Went to see the movie Priscilla last weekend. It was very different from the Elvis blockbuster of last year. Priscilla was the Steak to the Sizzle known as Elvis.
Apparently, the musician was talented, tormented and totally whacked (on drugs and out of his mind) most days. What he portrayed in public and how he made so many millions were diametrically different from the real person he was.
I’ll bet you even read some of the coverage around Matthew Perry over the last few weeks. The Hollywood guy who led a separate life in and out of rehab. Wanted to be known for helping fellow addicts, NOT as 1/6th of the Friends combo.
This week, I was emailed the following story about a writer interviewing a very famous Hollywood actress.
“I think the most vulgar thing about Hollywood is the way it believes its own gossip,” she told me that day. “I know a lot of men fantasize about me; that’s how Hollywood gossip becomes Hollywood history.”
“Is that why you want to write a book?” I asked warily. “You want to put the record straight?”
“I’m broke, honey. I either write the book or sell the jewels.” I was surprised at the frankness with which she admitted it. “And I’m kinda sentimental about the jewels,” she added.

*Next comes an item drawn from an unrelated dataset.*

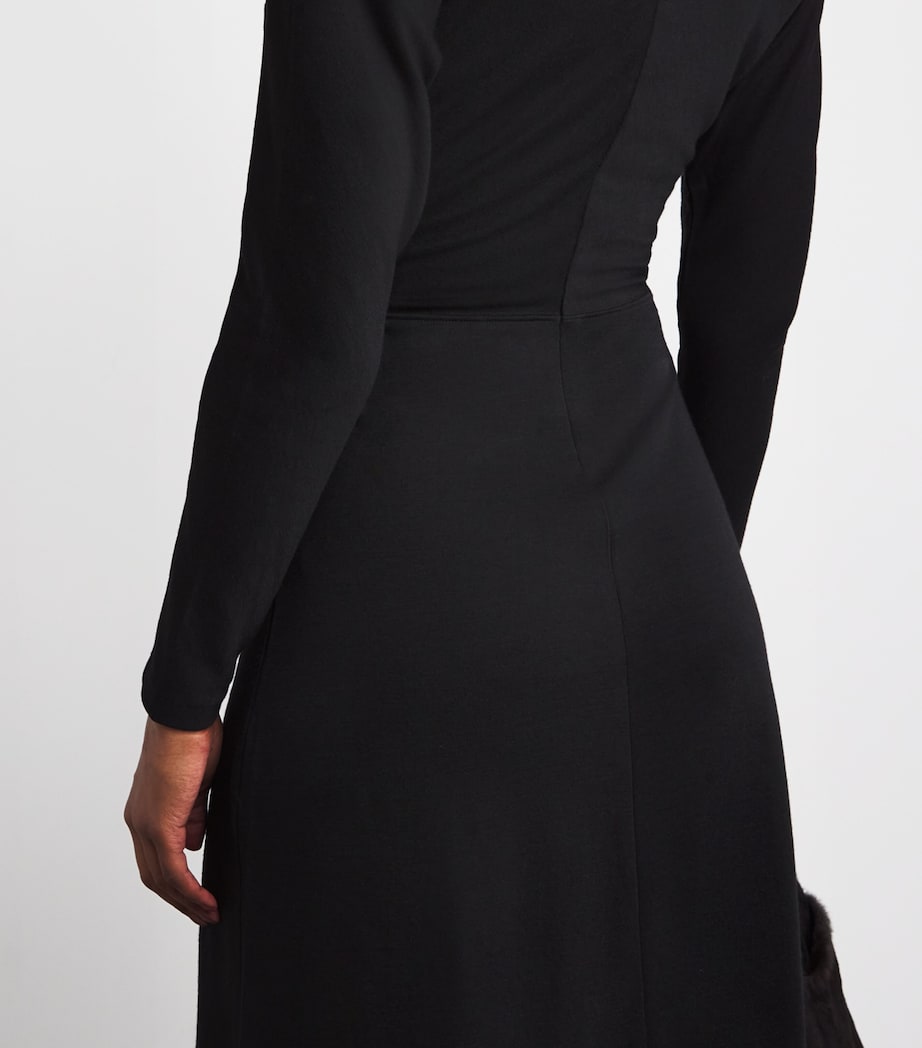 Joseph Black Jersey Midi Dress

She spoke about her third marriage.
“Frank and I had been married barely a couple of years. The marriage was obviously unravelling even then. I’m just surprised it lasted as long as it did. It was a bad time for Frank. Poor darling, he was so insecure. He was broke. He didn’t have a job. He was hanging on to his place in Palm Springs by the skin of his teeth. It was the last real asset he had.
If he’d lost that, it would have been the end of the line for him. He had made a lot of enemies in his good years before the bobby-soxers found somebody new to throw their panties at. Nobody wanted to be around him. There were no hangers-on. He didn’t amuse them anymore. He couldn’t lift a check. There was nobody but me. He had burned most of his bridges with the press. There was a catalogue of disasters: His voice had gone. MGM had let him go. His agent had let him go. So had CBS.

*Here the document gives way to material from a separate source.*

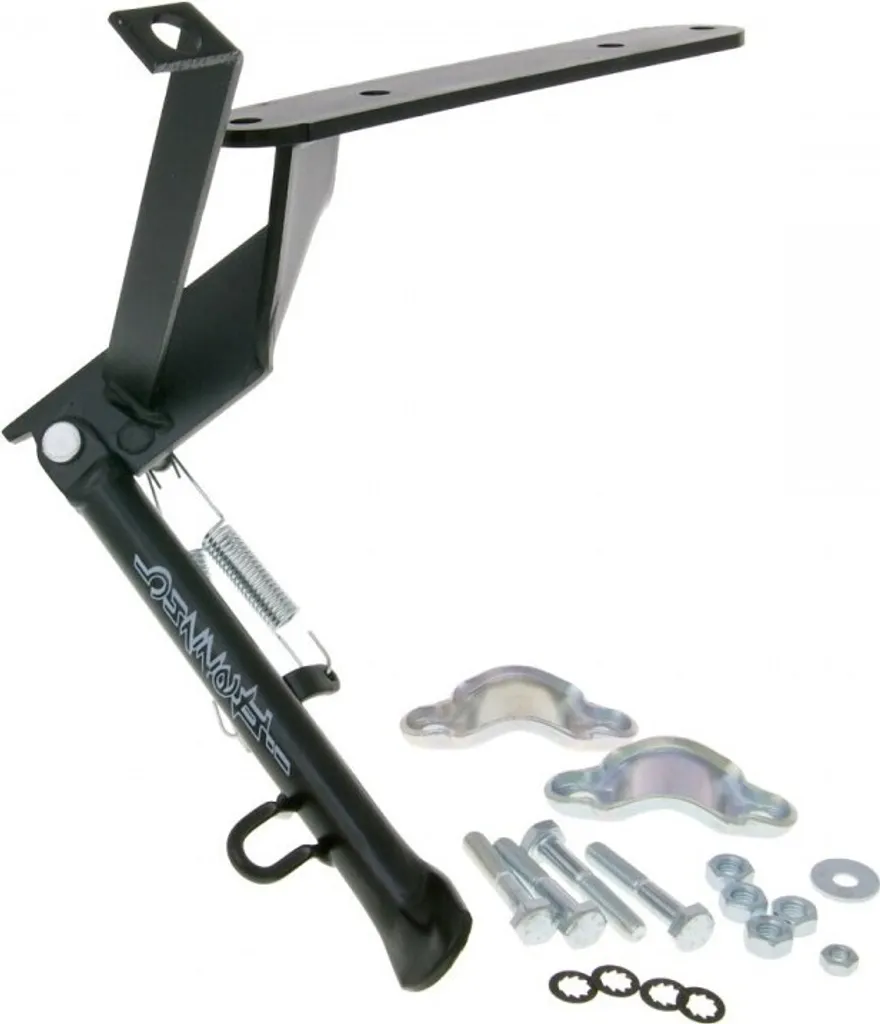 Béquille latérale anti-chute pour réparer un scooter MBK Ovetto 50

On top of all that, the poor bastard suffered a hemorrhage of his vocal cords and couldn’t talk, let alone sing, for about six weeks. That’s when I saw through those people. I saw through Hollywood. Naive little country girl that I was, I saw through all the phoniness, all the crap.”
If you are of a certain age, you’ll immediately recognize the name of the lady who spoke. Ava Gardner. At her peak, she was the reigning pin-up model and sex goddess. The husband she was referring to was Frank Sinatra, the most popular and best-selling singer of his time. He used to attract hordes of screaming, swooning adolescent girls.
So, how come I am sharing three stories about Hollywood stars?
And my point is
Because even today, we, the mere cogs in society, remain fascinated by the rich and famous. And we, the ones with no influence, power, wealth and fame, need to understand that the grass is NEVER greener on the other side. Like all things, there is a cost attached to fame.
And even the people in our lives who we think have it amazingly easy have issues.
Human beings are absolutely brilliant at hiding their problems and showcasing their triumphs (both real and manufactured). They are increasingly afraid to let their hair down for fear of being judged harshly. Both men and women. Yes, both.
So next time you think you are not enough, could you take a pause? And breathe. You are normal, sane and flawsomely imperfect. NOBODY has it better than you. But lots of somebodies have it worse.
Can you spread more of what you’ve got around? Because THAT is what is needed. More now than ever before.